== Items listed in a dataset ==

== == ==

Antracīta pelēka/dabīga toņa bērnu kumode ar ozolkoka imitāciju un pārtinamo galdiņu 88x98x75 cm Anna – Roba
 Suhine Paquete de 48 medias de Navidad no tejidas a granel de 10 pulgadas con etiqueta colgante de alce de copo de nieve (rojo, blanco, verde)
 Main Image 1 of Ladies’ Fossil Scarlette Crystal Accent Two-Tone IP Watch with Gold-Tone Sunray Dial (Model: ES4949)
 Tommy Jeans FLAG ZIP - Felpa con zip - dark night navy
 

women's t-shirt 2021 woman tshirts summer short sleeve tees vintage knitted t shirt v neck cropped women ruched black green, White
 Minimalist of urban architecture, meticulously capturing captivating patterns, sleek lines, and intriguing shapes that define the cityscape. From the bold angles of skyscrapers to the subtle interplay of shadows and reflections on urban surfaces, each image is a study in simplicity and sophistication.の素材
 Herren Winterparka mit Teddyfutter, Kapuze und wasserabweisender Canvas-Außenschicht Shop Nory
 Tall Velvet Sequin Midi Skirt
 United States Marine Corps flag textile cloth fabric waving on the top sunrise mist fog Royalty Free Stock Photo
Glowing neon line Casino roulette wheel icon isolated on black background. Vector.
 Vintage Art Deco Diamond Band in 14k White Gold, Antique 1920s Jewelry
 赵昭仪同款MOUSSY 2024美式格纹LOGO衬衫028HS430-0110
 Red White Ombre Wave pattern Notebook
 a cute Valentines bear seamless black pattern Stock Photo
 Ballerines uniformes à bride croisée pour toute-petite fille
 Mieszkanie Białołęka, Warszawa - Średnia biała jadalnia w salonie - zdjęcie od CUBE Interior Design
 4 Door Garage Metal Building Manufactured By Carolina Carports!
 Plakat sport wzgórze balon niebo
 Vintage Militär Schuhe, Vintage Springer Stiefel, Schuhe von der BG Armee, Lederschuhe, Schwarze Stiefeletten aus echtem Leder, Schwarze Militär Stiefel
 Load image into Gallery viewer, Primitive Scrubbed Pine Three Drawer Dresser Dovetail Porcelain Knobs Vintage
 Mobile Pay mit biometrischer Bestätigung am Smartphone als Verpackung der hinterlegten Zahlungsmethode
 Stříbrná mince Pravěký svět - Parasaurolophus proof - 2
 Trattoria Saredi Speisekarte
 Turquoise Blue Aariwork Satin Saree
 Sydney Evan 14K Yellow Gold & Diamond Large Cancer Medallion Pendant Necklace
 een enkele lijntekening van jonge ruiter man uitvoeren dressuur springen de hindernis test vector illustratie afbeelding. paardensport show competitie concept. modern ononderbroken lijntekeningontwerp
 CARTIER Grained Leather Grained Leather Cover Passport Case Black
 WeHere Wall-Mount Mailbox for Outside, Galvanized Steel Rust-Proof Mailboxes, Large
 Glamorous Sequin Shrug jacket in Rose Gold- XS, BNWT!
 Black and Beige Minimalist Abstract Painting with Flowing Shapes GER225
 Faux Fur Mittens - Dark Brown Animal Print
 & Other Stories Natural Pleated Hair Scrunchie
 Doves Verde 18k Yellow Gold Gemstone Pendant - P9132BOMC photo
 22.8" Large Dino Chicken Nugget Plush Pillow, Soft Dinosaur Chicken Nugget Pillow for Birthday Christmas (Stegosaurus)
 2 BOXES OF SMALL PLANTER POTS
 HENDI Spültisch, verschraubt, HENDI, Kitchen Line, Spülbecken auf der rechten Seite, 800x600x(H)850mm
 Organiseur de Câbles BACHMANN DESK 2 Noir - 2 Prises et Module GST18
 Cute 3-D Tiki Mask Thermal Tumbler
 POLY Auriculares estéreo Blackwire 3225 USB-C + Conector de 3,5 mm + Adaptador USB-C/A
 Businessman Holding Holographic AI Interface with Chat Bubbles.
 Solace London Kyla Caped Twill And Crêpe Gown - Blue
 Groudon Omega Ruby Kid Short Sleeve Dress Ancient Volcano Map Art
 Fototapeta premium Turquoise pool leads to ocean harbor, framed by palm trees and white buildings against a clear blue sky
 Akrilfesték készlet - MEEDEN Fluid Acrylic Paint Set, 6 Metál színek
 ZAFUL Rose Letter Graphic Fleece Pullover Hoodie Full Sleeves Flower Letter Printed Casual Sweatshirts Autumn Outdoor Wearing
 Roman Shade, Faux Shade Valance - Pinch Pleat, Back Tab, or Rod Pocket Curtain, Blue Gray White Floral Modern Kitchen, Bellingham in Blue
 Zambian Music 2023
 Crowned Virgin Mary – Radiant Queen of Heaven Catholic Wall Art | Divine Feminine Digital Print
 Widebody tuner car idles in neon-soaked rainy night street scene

== == ==

== Prompt ==
Using the data above, print every record exactly as shown.

== Written solution ==
Antracīta pelēka/dabīga toņa bērnu kumode ar ozolkoka imitāciju un pārtinamo galdiņu 88x98x75 cm Anna – Roba
 Suhine Paquete de 48 medias de Navidad no tejidas a granel de 10 pulgadas con etiqueta colgante de alce de copo de nieve (rojo, blanco, verde)
 Main Image 1 of Ladies’ Fossil Scarlette Crystal Accent Two-Tone IP Watch with Gold-Tone Sunray Dial (Model: ES4949)
 Tommy Jeans FLAG ZIP - Felpa con zip - dark night navy
 

women's t-shirt 2021 woman tshirts summer short sleeve tees vintage knitted t shirt v neck cropped women ruched black green, White
 Minimalist of urban architecture, meticulously capturing captivating patterns, sleek lines, and intriguing shapes that define the cityscape. From the bold angles of skyscrapers to the subtle interplay of shadows and reflections on urban surfaces, each image is a study in simplicity and sophistication.の素材
 Herren Winterparka mit Teddyfutter, Kapuze und wasserabweisender Canvas-Außenschicht Shop Nory
 Tall Velvet Sequin Midi Skirt
 United States Marine Corps flag textile cloth fabric waving on the top sunrise mist fog Royalty Free Stock Photo
Glowing neon line Casino roulette wheel icon isolated on black background. Vector.
 Vintage Art Deco Diamond Band in 14k White Gold, Antique 1920s Jewelry
 赵昭仪同款MOUSSY 2024美式格纹LOGO衬衫028HS430-0110
 Red White Ombre Wave pattern Notebook
 a cute Valentines bear seamless black pattern Stock Photo
 Ballerines uniformes à bride croisée pour toute-petite fille
 Mieszkanie Białołęka, Warszawa - Średnia biała jadalnia w salonie - zdjęcie od CUBE Interior Design
 4 Door Garage Metal Building Manufactured By Carolina Carports!
 Plakat sport wzgórze balon niebo
 Vintage Militär Schuhe, Vintage Springer Stiefel, Schuhe von der BG Armee, Lederschuhe, Schwarze Stiefeletten aus echtem Leder, Schwarze Militär Stiefel
 Load image into Gallery viewer, Primitive Scrubbed Pine Three Drawer Dresser Dovetail Porcelain Knobs Vintage
 Mobile Pay mit biometrischer Bestätigung am Smartphone als Verpackung der hinterlegten Zahlungsmethode
 Stříbrná mince Pravěký svět - Parasaurolophus proof - 2
 Trattoria Saredi Speisekarte
 Turquoise Blue Aariwork Satin Saree
 Sydney Evan 14K Yellow Gold & Diamond Large Cancer Medallion Pendant Necklace
 een enkele lijntekening van jonge ruiter man uitvoeren dressuur springen de hindernis test vector illustratie afbeelding. paardensport show competitie concept. modern ononderbroken lijntekeningontwerp
 CARTIER Grained Leather Grained Leather Cover Passport Case Black
 WeHere Wall-Mount Mailbox for Outside, Galvanized Steel Rust-Proof Mailboxes, Large
 Glamorous Sequin Shrug jacket in Rose Gold- XS, BNWT!
 Black and Beige Minimalist Abstract Painting with Flowing Shapes GER225
 Faux Fur Mittens - Dark Brown Animal Print
 & Other Stories Natural Pleated Hair Scrunchie
 Doves Verde 18k Yellow Gold Gemstone Pendant - P9132BOMC photo
 22.8" Large Dino Chicken Nugget Plush Pillow, Soft Dinosaur Chicken Nugget Pillow for Birthday Christmas (Stegosaurus)
 2 BOXES OF SMALL PLANTER POTS
 HENDI Spültisch, verschraubt, HENDI, Kitchen Line, Spülbecken auf der rechten Seite, 800x600x(H)850mm
 Organiseur de Câbles BACHMANN DESK 2 Noir - 2 Prises et Module GST18
 Cute 3-D Tiki Mask Thermal Tumbler
 POLY Auriculares estéreo Blackwire 3225 USB-C + Conector de 3,5 mm + Adaptador USB-C/A
 Businessman Holding Holographic AI Interface with Chat Bubbles.
 Solace London Kyla Caped Twill And Crêpe Gown - Blue
 Groudon Omega Ruby Kid Short Sleeve Dress Ancient Volcano Map Art
 Fototapeta premium Turquoise pool leads to ocean harbor, framed by palm trees and white buildings against a clear blue sky
 Akrilfesték készlet - MEEDEN Fluid Acrylic Paint Set, 6 Metál színek
 ZAFUL Rose Letter Graphic Fleece Pullover Hoodie Full Sleeves Flower Letter Printed Casual Sweatshirts Autumn Outdoor Wearing
 Roman Shade, Faux Shade Valance - Pinch Pleat, Back Tab, or Rod Pocket Curtain, Blue Gray White Floral Modern Kitchen, Bellingham in Blue
 Zambian Music 2023
 Crowned Virgin Mary – Radiant Queen of Heaven Catholic Wall Art | Divine Feminine Digital Print
 Widebody tuner car idles in neon-soaked rainy night street scene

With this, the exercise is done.